The founder of Ave Maria, Tom Monaghan, is better known as the founder of Domino's Pizza. He has grand plans for the university: majors as varied as theology and hotel management; a Division I football team; three golf courses, including one for donors only; and a new town, Ave Maria, with a commercial center joining the campus.
But his mission is as much religious as educational.
"For 25 years, I've felt the need for a school with more spirituality," said Mr. Monaghan, who has committed $200 million to the university. "The reason God created us was to earn heaven, so we could be with him, and my goal is to help more people get to heaven. You can't follow the rules of God unless you know what they are and why they are. At some Catholic universities, students graduate with their religious faith more shaky than when they arrive."

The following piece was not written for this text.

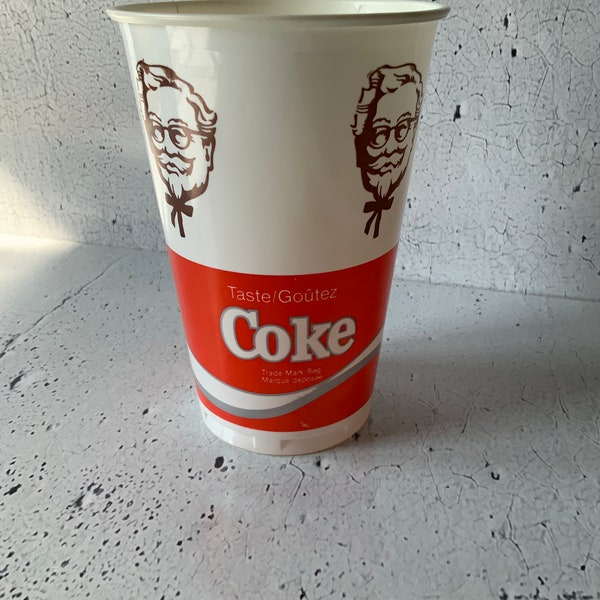 KFC Coke soda glass. Vintage solo-cup style. Kentucky Fried Chicken collectible. Coca-cola collectible. Dixie cup. Plastic drinking glass.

Ave Maria will be far more conservative than most of the nation's 235 Catholic colleges and universities. While it will be independent of the church, as the major Catholic universities are, it will have no coed dorms and no gay-support groups. While attending Mass will not be required, Mr. Monaghan expects most students to go regularly.

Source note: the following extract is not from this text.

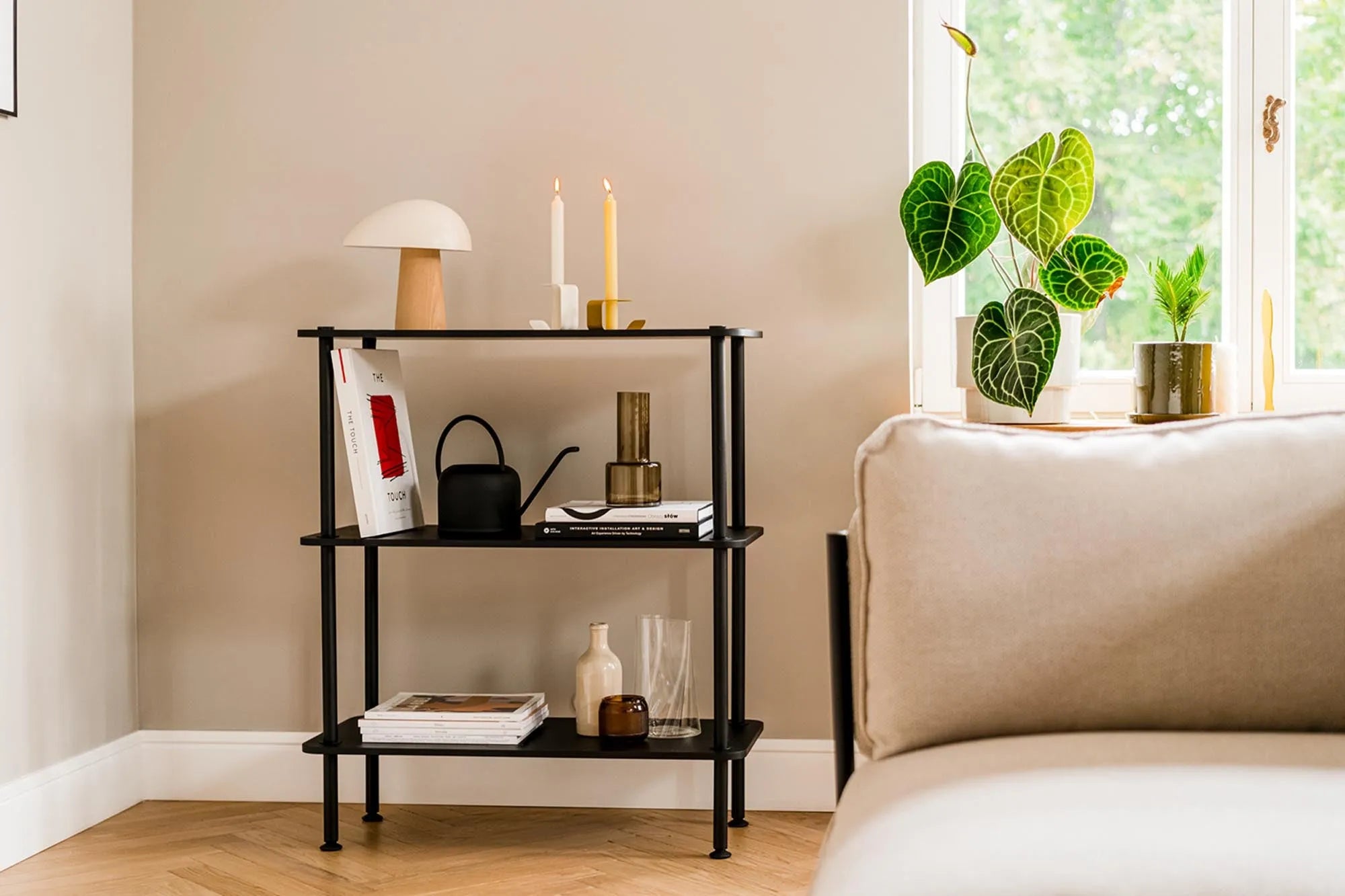 Teidi 3er Regal von Noo.ma: Modernes Design trifft Funktionalität.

"Ave Maria is for students whose faith is central to their lives," he said. "Maybe 10 percent of Catholics would be interested in it. Seventy-five percent of Catholics don't practice their faith right now. I hope we can do something about that."
Many Catholic educators are uneasy about Ave Maria, irritated that Mr. Monaghan would start his own university rather than support an existing Catholic college and annoyed at his broad criticism of Catholic education.
"There has been concern among the colleges and their representatives, that they are so dismissive of the rest of us," said Monika Hellwig, president of the Association of Catholic Colleges and Universities.
Some critics say Ave Maria reflects Mr. Monaghan's conservative political agenda more than any religious or educational need.
"Tom Monaghan has the agenda of a right-wing Republican, and he happens to confuse that with the teachings of the Catholic Church," said Richard P. McBrien, a University of Notre Dame theology professor. "I wish he had spent this money the way a really good Catholic would: helping the poor; helping inner-city schools, which are being suffocated through lack of money; helping the aged and the infirm. Those are the teachings of Jesus Christ."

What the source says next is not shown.